St. Aelred, in his famous book on friendship, speaks of the many and varied motives people have for making friends. Thieves form friendships as a defense against their enemies who are trying to maintain law and order. Conspirators, assassins, and embezzlers all value friendship, in the interest of efficiency and in order to provide each other encouragement. Osama Bin Laden has his motives for fostering friendships. George Bush and John Kerry have different motives, but no less desire to make friends.
In Simon and Jude, whose feast we celebrate this morning, we have two men who Jesus made his close friends; among the twelve very special handpicked friends whom the Lord “drew to himself”, after a whole night spent in prayer, and it might be interesting to ask ourselves: What were Jesus’ own motives for making friends? What did the Lord Himself hope to find in a friendship? An interesting insight into that question, might be found in the fact that, in the gospel passage immediately preceding the selection of the twelve, the Jewish leaders are plotting to kill Jesus. This invites some interesting reflection. Jesus is aware that, very soon, he is going to die. At just about the same time he realizes this, he draws to himself twelve of his most cherished friends.
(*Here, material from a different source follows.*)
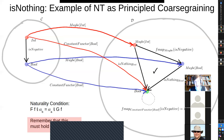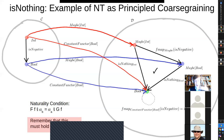For the Nothing case, we could have just started at a Maybe Int that's Nothing, asked `isNothing` directly, and gotten the same answer as going through the whole process of applying `isNegative` to get Nothing and then asking `isNothing`. Going this way didn't change the answer. For Just 3, asking `isNothing` directly gives False — guaranteed to be the same as composing the two morphisms.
And for what purpose?
In the hope that these friends will become – his followers. But, Jesus is about to die . . . Does this mean Jesus’ motive for making friends, is the hope that he will have someone to share with him the experience of death? That idea may strike us as repugnant, and yet, Simon, Jude, and nearly all the twelve who became Jesus’ followers, did in fact follow Him to a violent death. But, while granting that death was the actual outcome for the apostles from their friendship with Jesus, the question remains: “What was Jesus’ own motive for making these men his friends?”
That Jesus truly loved these men is evident from his preaching, and teaching, the miracles he worked; the wisdom he shared with them in parables. The question arises: Could love have been the motive for Jesus calling these men to follow him to death? Can love for one’s friend be reconciled with issuing to him a call to die?
The call to love is a call to be united with the beloved, and at the point the beloved is about to die, then to be united means to die with the beloved. But if Simon, Jude and others were united to Jesus in death, they were united with him also three days later, when he rose victoriously triumphant over death, and it is here, in the splendor of Easter morning, that Jesus’ true motive for making friends becomes evident: It is was His hope that when, after his resurrection, the song was sung: “Oh death, where is your sting?” the whole world would sing in response: “Jesus and his friends — those thieves, took it away!”